Advanced Fuels Station Opens in Calif.

SAN DIEGO -- At a just-opened San Diego fuel station, attendants in white, 1950s-style uniforms clean customers' windshields and offer to fill their tanks with biodiesel made from fish fry grease. Or, at the ethanol pump, fuel made from waste scraped off the floor of a cheese plant.

Electric cars can charge their batteries for free. There's also natural gas and liquefied propane gas or LPG, both popular, less-polluting gasoline alternatives, according to the Associated Press.

"No one has ever put all of these in one place," said Mike Lewis, who manages the Regional Transportation Center (RTC), which offers gas, diesel and six alternative fuels.

But so far, the station, which opened in early August, isn't seeing a steady flow of customers for the exotic combustibles. The number-one fuel at the station of the future is plain old gas.

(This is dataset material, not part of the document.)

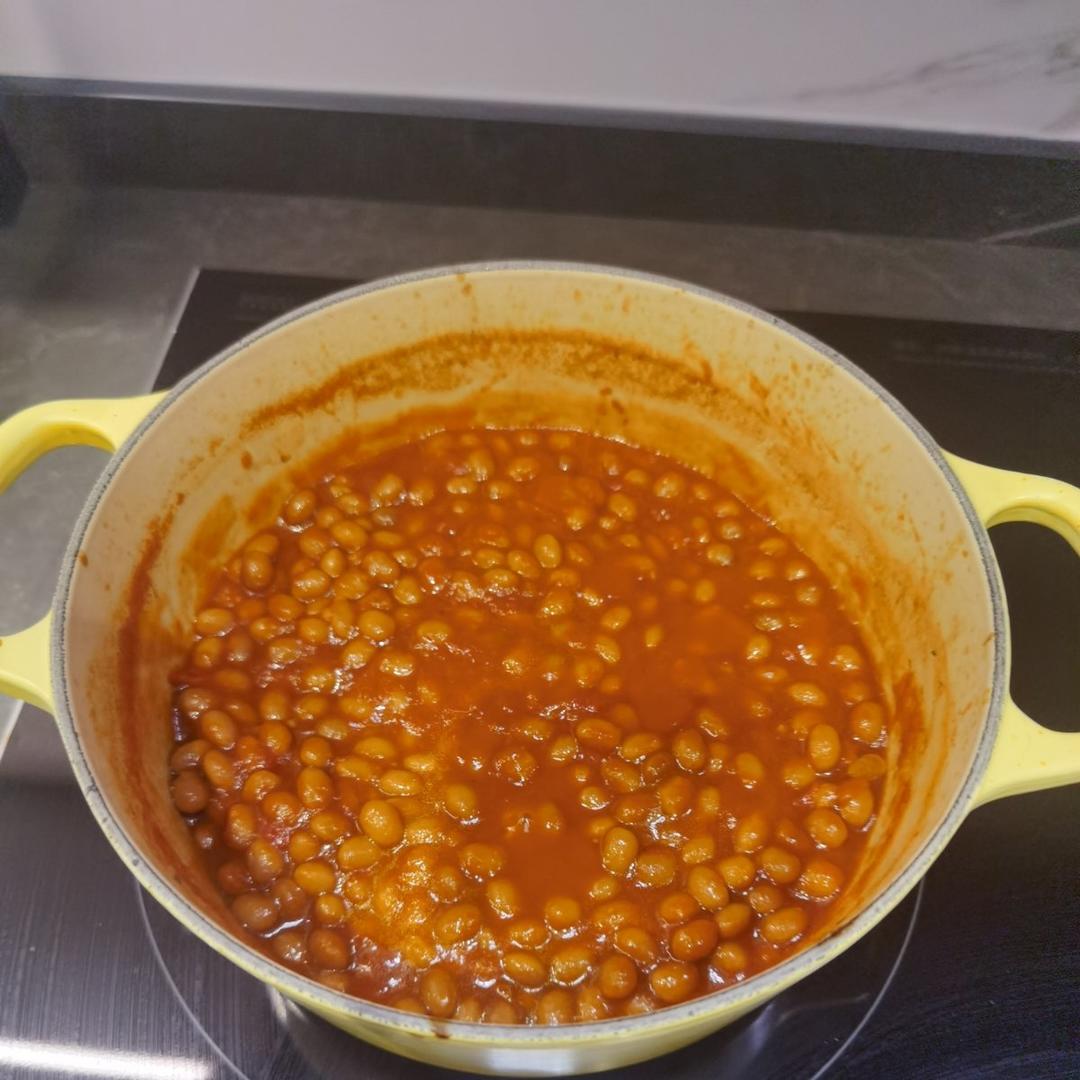 传统英式茄汁黄豆—英式早餐Baked beans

Still, gasoline and diesel sales pay the bills and leave the center well-positioned for California's clean vehicle movement aimed at fighting the nation's worst air pollution while cutting dependence on oil. California has set a goal of having one of every 10 new vehicles sold in the state be nonpolluting by 2018. The RTC aims to solve one of the challenges posed by the mandate: Where do you fill 'er up?

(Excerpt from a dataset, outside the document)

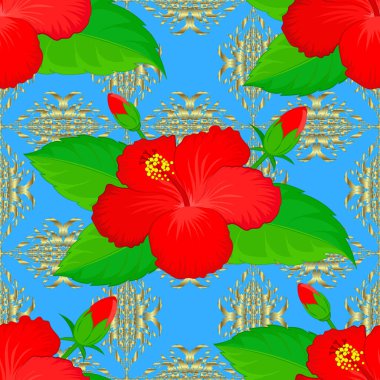 Renksiz çiçek vektör deseni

The $15 million RTC was conceived more than five years ago by a Ford dealership marketing executive. Today, it includes a garage with mechanics specializing in alternative fuel vehicles and an education center. Pearson Ford, the dealership that bankrolled the center, sells Ford Motor Co.'s line of alternative fuel vehicles beneath an adjacent structure.

The project helps solve what Lewis calls the chicken-and-egg problem for alternative vehicles -- should alternative fuel stations spur sales of the vehicles or vehicles sales lead to more alternative fuel pumps?

With the RTC, he said, "we built the chicken and the egg. In this area, we're taking away the excuses."